My great-grandmother appears to have been very sociable and a great letter writer herself, but why did she keep some letters and not others, I wonder?

My greatest pleasure was to discover some more letters and photos from the protagonist of my story. The two sweetest things are a summer holiday diary from when he was 13 and the log of a road trip he made with his mother across Europe when he was 21. Such beautiful fuel for my fire. I love this puzzling and piecing things together to build a story.

I think the kist could produce many more stories yet, but it will take some time and dedication to sort. In the meantime, we will enjoy this ‘nothing ever happens’ holiday place and relax with the slow tempo of life. Oh! What was that? I have just heard a scrap merchant disturb the peace with a call from his vehicle for “Any old Iron?”. Well, I never! Something does happen here after all.

A New Story to Tell an Old Story

What is it that has pushed aside, yet again, the young adult novel I began all those years ago when writing was merely an idea not a habit? The novel – set in the deep Devon lanes and rolling fields which provide solace for a stressed London musician, as a family saga reveals and heals itself – has been relegated to the back shelf for the umpteenth time. Maybe it will never be done and the sole purpose of it was to act as a catalyst to encourage me to write, perhaps? What about the novel begun about a school teacher who takes a professional break to work for a charity overseas and, in an exploration of what truth is, finds corruption rife in unexpected places? Yes, that too sits gathering virtual dust.

Instead, an adventure began with the beginning of lockdown, March 2020. Lots of time to write, I thought, and then a genealogist from Australia got in contact wanting some information on my father’s family. I was reluctant to uncover my files. I get a bit addicted to research, but I did it. Unrelated to the genealogist’s query I asked some of my own questions and step by incredible step a family story surfaced introducing me to some amazing people along the way. This was a story I had never bothered about before and one I felt there had always been a sorry silence surrounding. Now I understand it better I think really the silence was unspoken grief.
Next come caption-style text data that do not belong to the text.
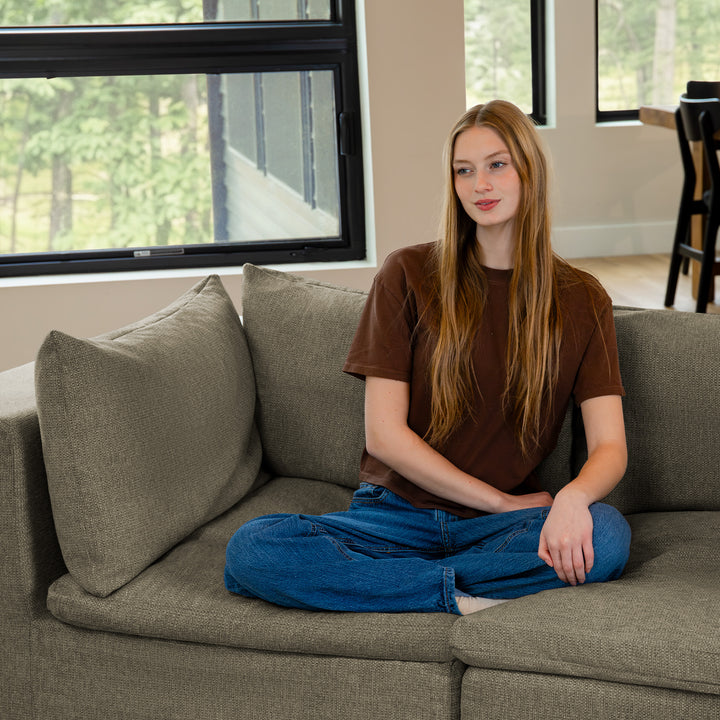 Woman sitting on a loveseat sofa 
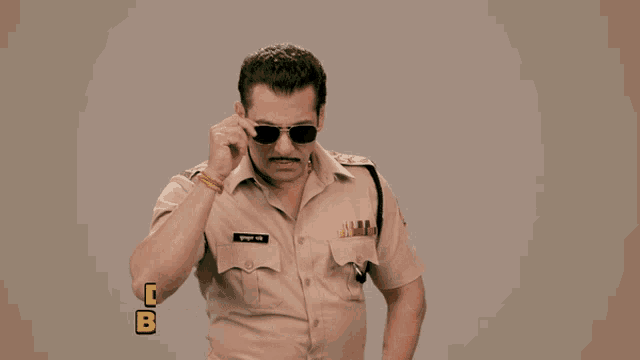 a man in a police uniform has the words darte toh hum apne baap se bhi nahi hain above him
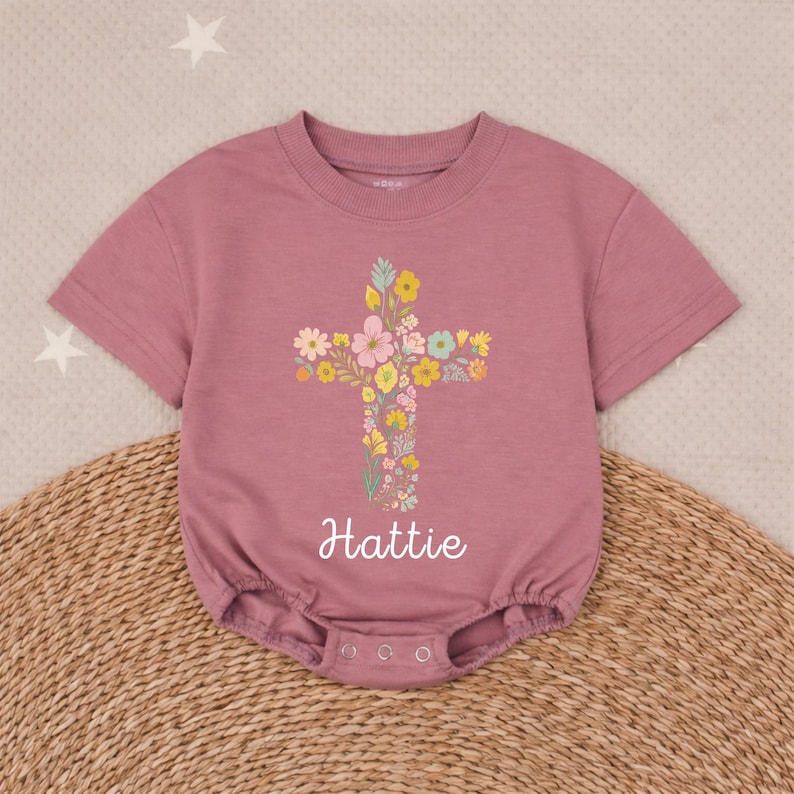 Op de afbeelding: Stofroze babyromper met een bloemenkruisontwerp. Het kruis bestaat uit diverse kleurrijke bloemen. De naam "Hattie" staat in cursieve letters eronder. De romper heeft korte mouwen en drukkers aan de onderkant.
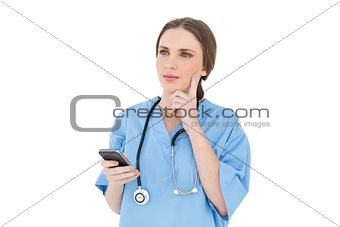 Young woman doctor thinking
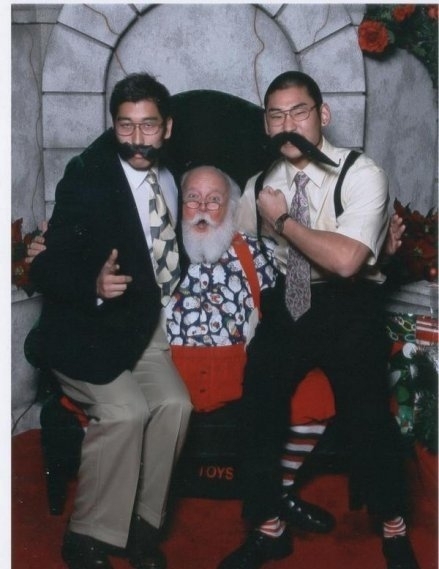 Pic #1 - Every year my friends visit the same Santa at the mall and take a photo with him Here is their latest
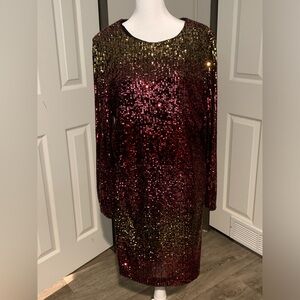 Very glittery dress long sleeves with zipper in back size 16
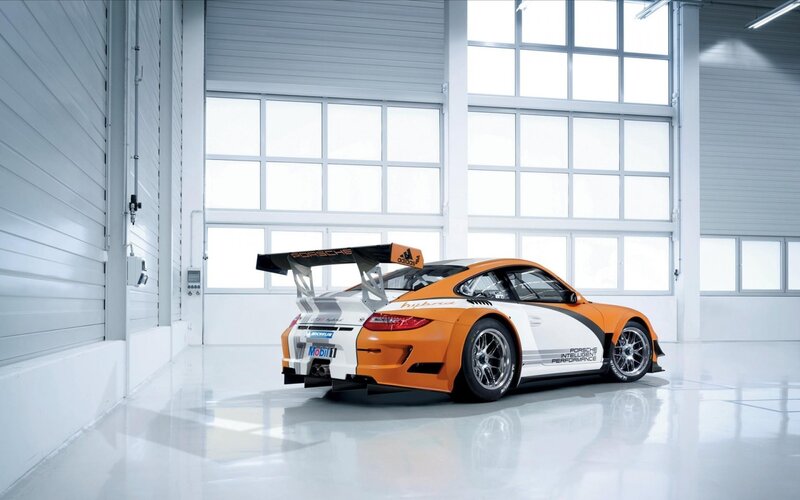 Porsche race car in garage
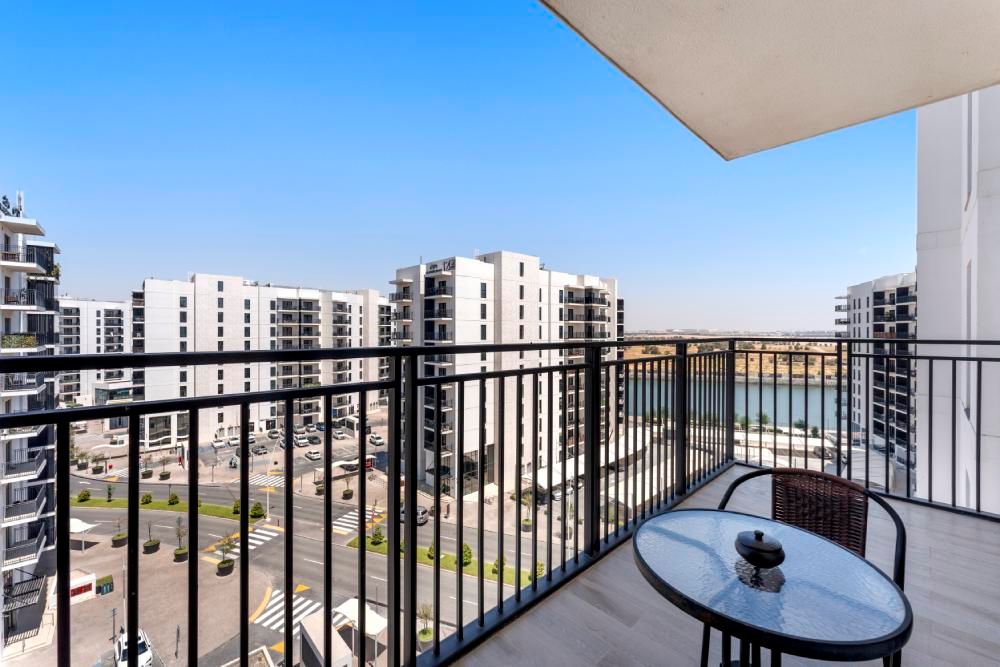 Balcony with glass table and chairs overlooking modern apartment buildings and a pool under a blue sky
Increased information on the internet coupled with lockdown gave me time and sources to research. But the best were the original sources our family archives revealed. These were things we did not know even existed. A bit of a chore to get them copied over to me from Australia, but oh so worth it! What a voyage of discovery! What a story! What beautiful characters! There’s still so much to uncover but the writing has begun.

And another beautiful thing has been who I have met of real people along the way too, people who relate to the story, or who relate to characters in the story. I could not have forged those meetings in any more unique a way. That feels like another story.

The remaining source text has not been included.